My only thought is that you would need to fly.
@tigertiger
I agree with you. Otherwise you will spend more than half you time on a bus getting there and back, most likely a sleeper bus. It is longer a trip than it appears on a map.
I flew to Lin Cang a week ago and it cost me 550 yuan one way - you can get a cheaper flight to Bangkok!
Accomodation in Jinghong likely to involve inflated prices right now. Anyway, for the 'Water Splashing Festival', which in fact has Theravada Buddhist religious meaning and is not just playtime for tourists (and it has strong playtime elements, which can get a little rough), I'd strongly advise Laos or Thailand, not Jinghong. However, I don't think fly-down/fly back in 2 days is worth it.
@Alien,
Laos & Thailand also have the Water Splashing Festival? How does it differ? Which part of Thailand and what dates?
The official water splashing activity takes place on Tuesday April 15, 2014
It's actually quite an important event in Thailand.
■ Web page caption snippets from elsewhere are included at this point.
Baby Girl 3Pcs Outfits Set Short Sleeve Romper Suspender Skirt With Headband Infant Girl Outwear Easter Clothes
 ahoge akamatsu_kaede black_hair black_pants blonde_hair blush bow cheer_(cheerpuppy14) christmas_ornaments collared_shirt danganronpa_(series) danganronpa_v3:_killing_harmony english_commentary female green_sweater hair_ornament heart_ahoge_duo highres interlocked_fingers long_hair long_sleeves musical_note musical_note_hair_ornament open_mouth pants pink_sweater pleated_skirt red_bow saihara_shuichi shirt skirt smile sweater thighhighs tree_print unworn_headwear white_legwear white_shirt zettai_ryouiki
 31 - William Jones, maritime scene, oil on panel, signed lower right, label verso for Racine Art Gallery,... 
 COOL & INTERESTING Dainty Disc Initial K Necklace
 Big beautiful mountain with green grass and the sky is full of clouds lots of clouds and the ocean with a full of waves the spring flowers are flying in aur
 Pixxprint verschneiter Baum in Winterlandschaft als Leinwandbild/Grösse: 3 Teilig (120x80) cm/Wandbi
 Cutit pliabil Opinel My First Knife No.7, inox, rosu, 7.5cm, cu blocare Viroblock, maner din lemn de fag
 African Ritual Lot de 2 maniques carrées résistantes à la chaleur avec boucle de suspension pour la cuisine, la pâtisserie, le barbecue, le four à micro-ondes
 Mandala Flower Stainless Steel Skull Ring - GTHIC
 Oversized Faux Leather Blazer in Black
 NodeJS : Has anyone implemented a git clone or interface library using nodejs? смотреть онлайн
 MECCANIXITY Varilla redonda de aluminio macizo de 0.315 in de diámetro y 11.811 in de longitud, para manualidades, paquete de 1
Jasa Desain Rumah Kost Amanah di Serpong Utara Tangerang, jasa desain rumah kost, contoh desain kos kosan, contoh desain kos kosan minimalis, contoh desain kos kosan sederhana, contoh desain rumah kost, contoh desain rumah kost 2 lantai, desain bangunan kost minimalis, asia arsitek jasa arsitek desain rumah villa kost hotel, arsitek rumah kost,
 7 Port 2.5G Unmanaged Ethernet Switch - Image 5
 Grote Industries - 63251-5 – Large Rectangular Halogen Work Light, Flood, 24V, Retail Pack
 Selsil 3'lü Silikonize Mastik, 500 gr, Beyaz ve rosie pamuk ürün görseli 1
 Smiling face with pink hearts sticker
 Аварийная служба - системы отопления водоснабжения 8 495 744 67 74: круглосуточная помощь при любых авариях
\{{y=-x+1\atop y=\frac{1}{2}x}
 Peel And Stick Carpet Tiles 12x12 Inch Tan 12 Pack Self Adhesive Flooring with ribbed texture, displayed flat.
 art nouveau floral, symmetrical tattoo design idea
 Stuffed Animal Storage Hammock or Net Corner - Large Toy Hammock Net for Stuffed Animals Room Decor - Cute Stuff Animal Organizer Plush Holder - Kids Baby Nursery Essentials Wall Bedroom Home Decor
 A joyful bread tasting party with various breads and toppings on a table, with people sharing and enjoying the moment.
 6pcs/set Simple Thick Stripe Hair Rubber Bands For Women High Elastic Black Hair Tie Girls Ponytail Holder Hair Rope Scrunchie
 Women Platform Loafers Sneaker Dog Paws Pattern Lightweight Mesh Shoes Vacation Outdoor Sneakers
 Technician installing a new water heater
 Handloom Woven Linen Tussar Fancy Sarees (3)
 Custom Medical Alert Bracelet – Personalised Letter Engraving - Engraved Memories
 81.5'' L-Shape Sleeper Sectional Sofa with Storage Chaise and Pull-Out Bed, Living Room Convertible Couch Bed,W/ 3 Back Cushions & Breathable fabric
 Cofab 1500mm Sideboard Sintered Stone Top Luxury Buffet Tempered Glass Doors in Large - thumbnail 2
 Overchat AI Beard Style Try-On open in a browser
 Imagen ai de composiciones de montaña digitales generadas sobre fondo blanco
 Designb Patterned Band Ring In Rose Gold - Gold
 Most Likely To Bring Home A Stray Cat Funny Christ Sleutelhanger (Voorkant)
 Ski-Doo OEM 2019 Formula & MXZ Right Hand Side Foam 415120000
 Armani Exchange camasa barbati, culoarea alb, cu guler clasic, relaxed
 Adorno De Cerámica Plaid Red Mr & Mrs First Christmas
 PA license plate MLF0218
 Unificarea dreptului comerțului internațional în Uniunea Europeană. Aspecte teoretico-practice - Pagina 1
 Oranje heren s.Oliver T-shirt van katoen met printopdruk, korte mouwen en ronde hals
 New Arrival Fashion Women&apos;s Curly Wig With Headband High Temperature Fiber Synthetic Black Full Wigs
More dates here: en.wikipedia.org/wiki/Water_Festival#List_of_Water_of_Festival
The 'Water-Splashing Festival' is celebrated everywhere there are Tai Buddhists (the word Tai is the usual spelling in English for people of a broad ethno-linguistic category of peoples which includes the Thai (of Thailand)), the lowland Lao, the Dai of Xishuangbanna and Dehong in China, and the Tai of the Shan state in Myanmar. I'm pretty sure it is also celebrated among Tai-speaking people in Northeast India, and among the Zhuang (also ethno-linguistically Tai) in China's Guangxi Province. In Thailand the festival is called Songkran; in Laos it is called Piimai Lao (Lao New Year). The festival has Theravada Buddhist significance, and much of this religious significance is lacking in the public displays of water-splashing conducted, with an eye on the tourist dollar, in China.
People go to the wats (Theravada Buddhist monastery-temples) to pay respects to the monks, and this is a means for making Buddhist merit for Buddhist laymen. This religious element, the basis of the festival itself, is downplayed in China, but you can see it virtually anywhere in Laos or Thailand. I think the Burmans (majority population of Myanmar) also celebrate it, in addition to the Tai of the Shan states. People respectfully splash the monks a little in the street as the walk past, but everywhere I know that it is celebrated there is also a great deal of fun water-splashing, etc., among laymen, and it can get a bit rough - don't expect to stay dry.